St Louis pupils debate pressing Euro issues

Orla Kane, Brendan McLaughlin and Anastasija Chelbuskina of St Louis Grammar School, Ballymena, who recently put their debating skills to good use when they represented Cyprus at this year's Mock Council of the European Union.
Orla Kane, Brendan McLaughlin and Anastasija Chelbuskina of St Louis Grammar School, Ballymena, who recently put their debating skills to good use when they represented Cyprus at this year's Mock Council of the European Union.

Students from St Louis Grammar School have joined 26 others schools from across Northern Ireland for a Mock Council of the European Union debate.

Sixth form pupils, Orla Kane, Brendan McLaughlin and Anastasija Chelbuskina were at Belfast City Hall to tackle two of Europe’s most pressing issues — Climate Change and Migration and represented Cyprus.

Run by British Council Northern Ireland, the event aimed to give Sixth Form students a chance to experience the EU’s decision-making process, by representing the 28 EU countries in debates on topical policy issues.

This year’s debate was supported by Queen’s University Belfast, with Dr Vivian Gravey and Dr Rachel Dickson acting as Chairs.

Speaking about the event, Dr Gravey said: “Well done to all today’s students – they all engaged really well and were keen to stay in role as long as possible.

“Participating in a Mock Council is a fantastic opportunity for students to step in to the shoes of ministers and get a taste for the variety of political opinions in Europe and what speaking for a country entails.

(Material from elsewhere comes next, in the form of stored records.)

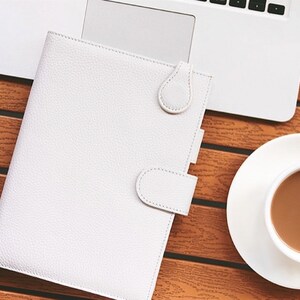 K&ouml;nnte beinhalten: Ein wei&szlig;er Lederplaner mit Tab-Verschluss liegt offen auf einem Holztisch neben einem Laptop und einer Kaffeetasse. Der Planer hat eine strukturierte Oberfl&auml;che und einen Schlaufenverschluss. Eine wei&szlig;e Untertasse enth&auml;lt eine Tasse Kaffee.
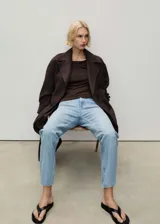 Jeans mom fit de tiro alto, color celeste claro, con cinco bolsillos y cierre frontal con cremallera y botón.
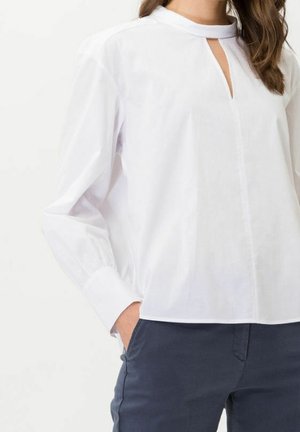 Woman wearing a long-sleeve white blouse with a front keyhole neckline, paired with dark navy pants, hand in pocket.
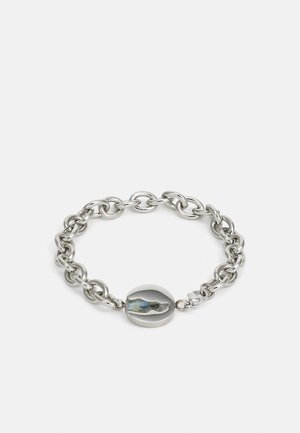 Sidabrinė grandinėlė su ovaliu pakabuku, turinčiu žvilgantį detalų, sujungtu dizainu, blizgiu paviršiumi ir saugiu užsegimu.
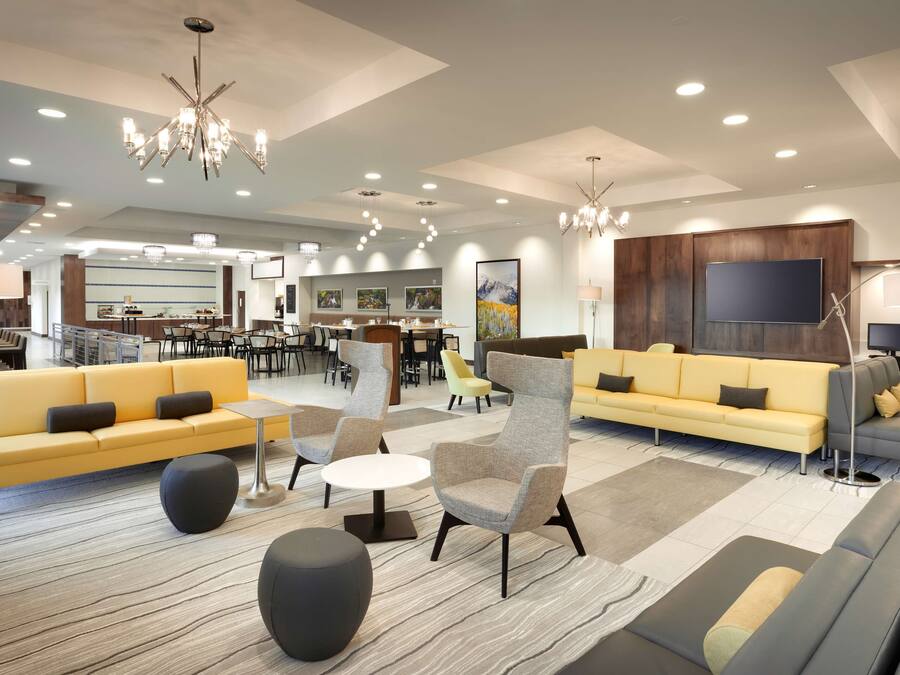 A spacious hotel lobby with modern furnishings, a dining area, and a large flat-screen TV mounted on the wall.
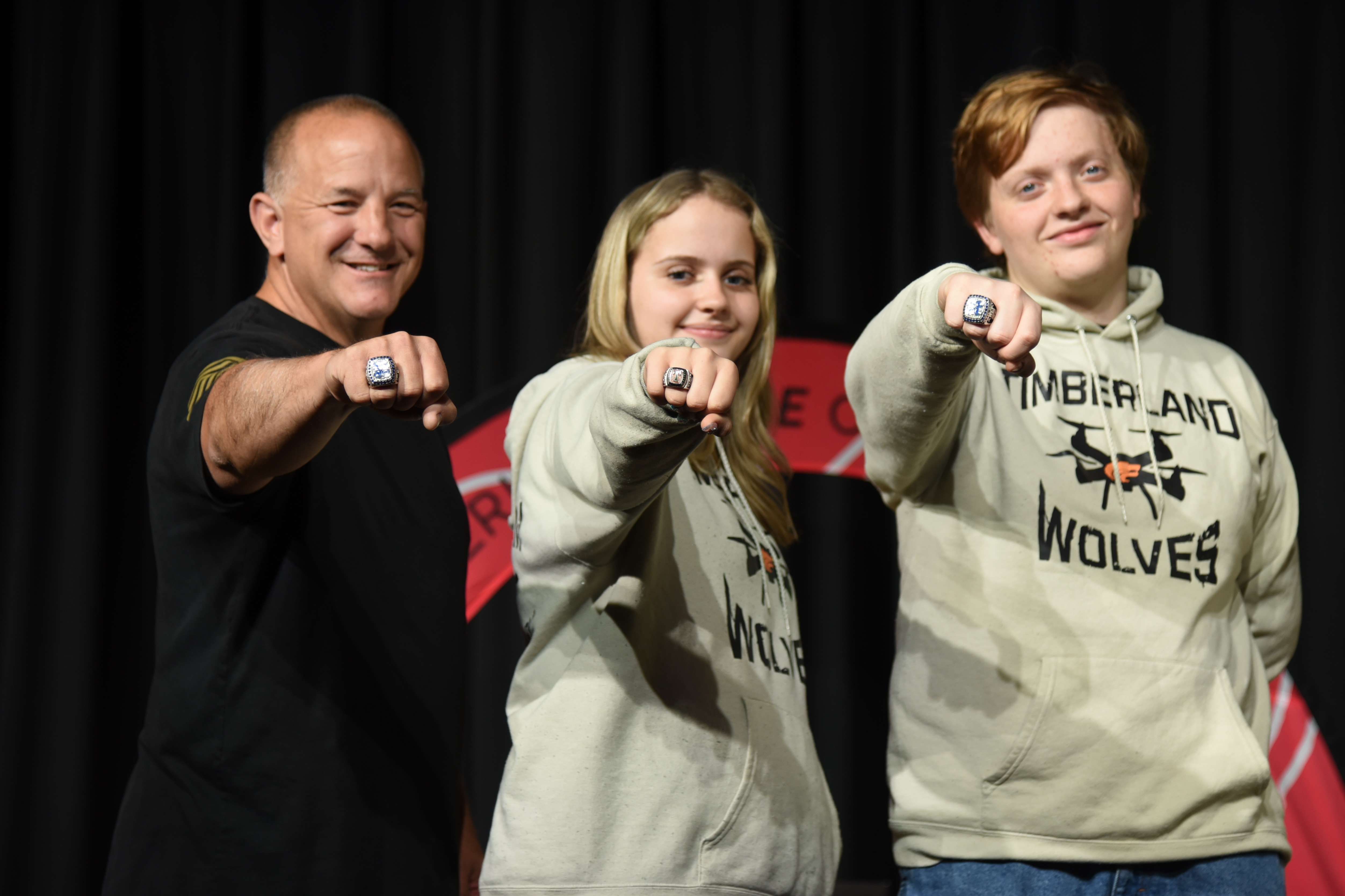 Three individuals pose with arms raised. The man in black, two women in gray hoodies. Background includes a red and black banner.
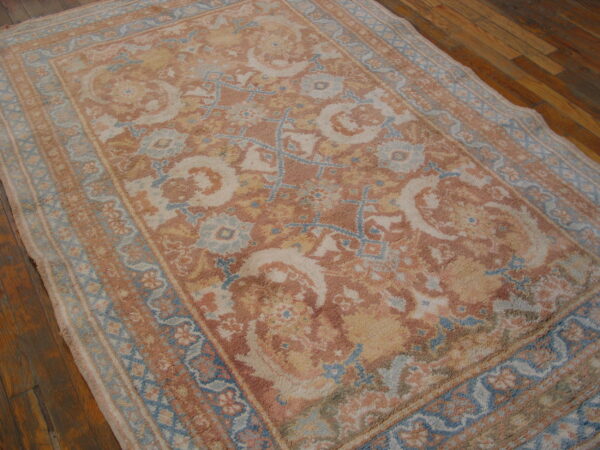 Textured rug featuring ornate patterns in muted terracotta, pale blue, and cream on a plank wood floor.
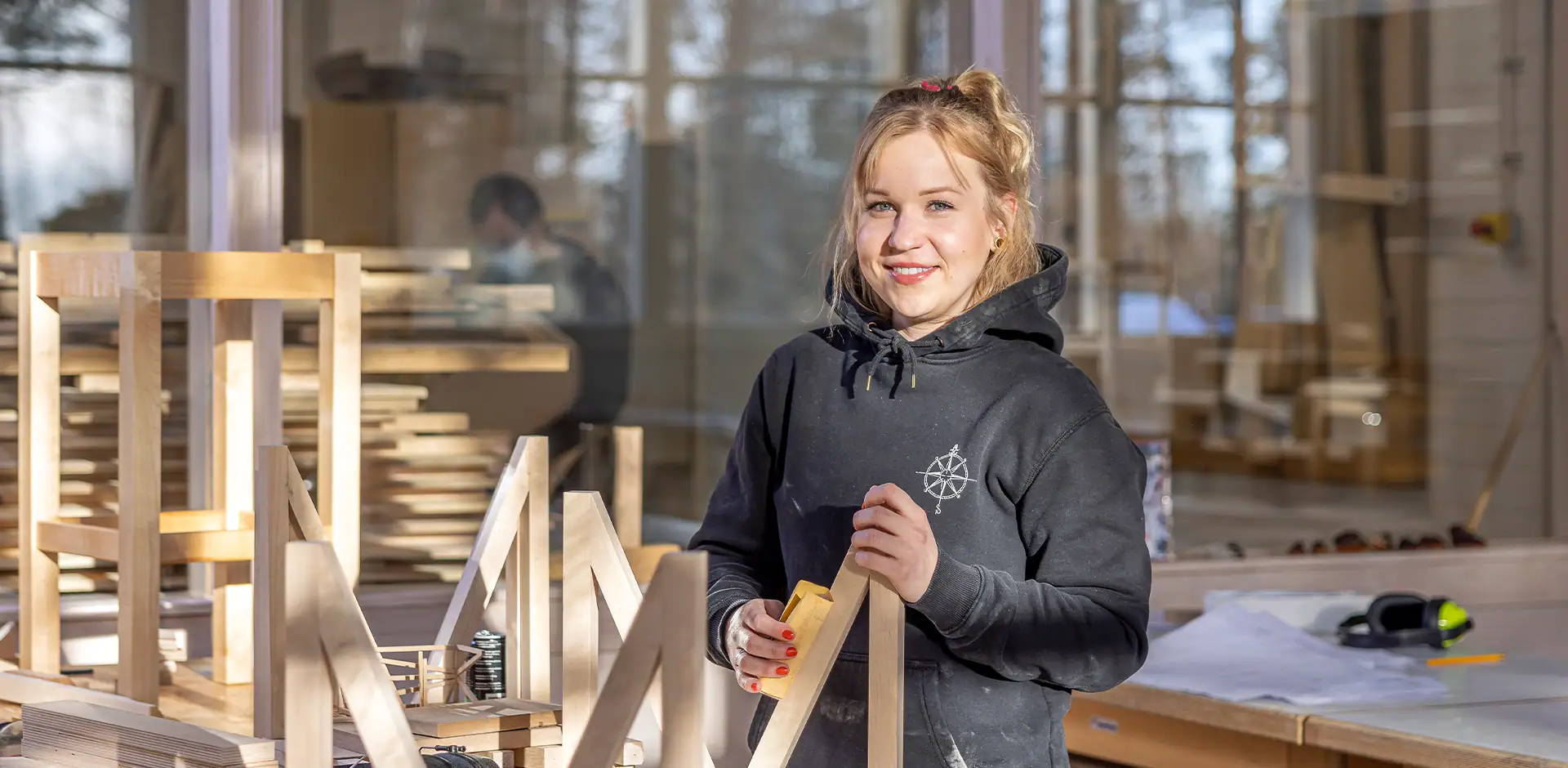 Puutyöverstaalla henkilö mustassa hupparissa.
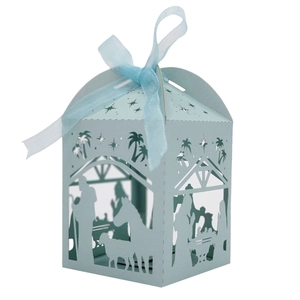 Macro shot of light blue Christmas candy box with hollow nativity scene and ribbon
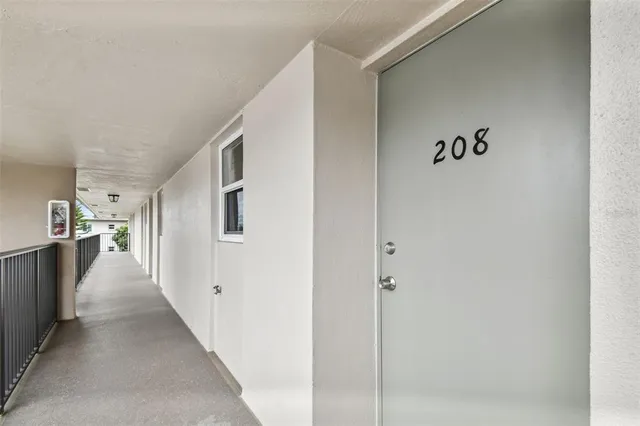 a hallway with a white walls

Europe is constantly in the news and this event can help students make sense of our current situation.”

Also attending the event was Jonathan Stewart, Director, British Council Northern Ireland.

He said: “This event puts pupils in the hot seat by taking on the role of Ministers from the EU member states debating big issues affecting the EU. In preparation for today, students researched the various positions from the perspective of each of the member states, helping to develop greater intercultural understanding while learning more about the workings of the main decision‑making body of the European Union.

“This event, now in its 14th year, puts students at the head of the negotiating table and allows them not only to see how politics works at a wider European level, but also gives them the chance to understand the issues and challenges facing the UK and other member states in negotiating the complexities of the UK’s decision to leave the European Union.”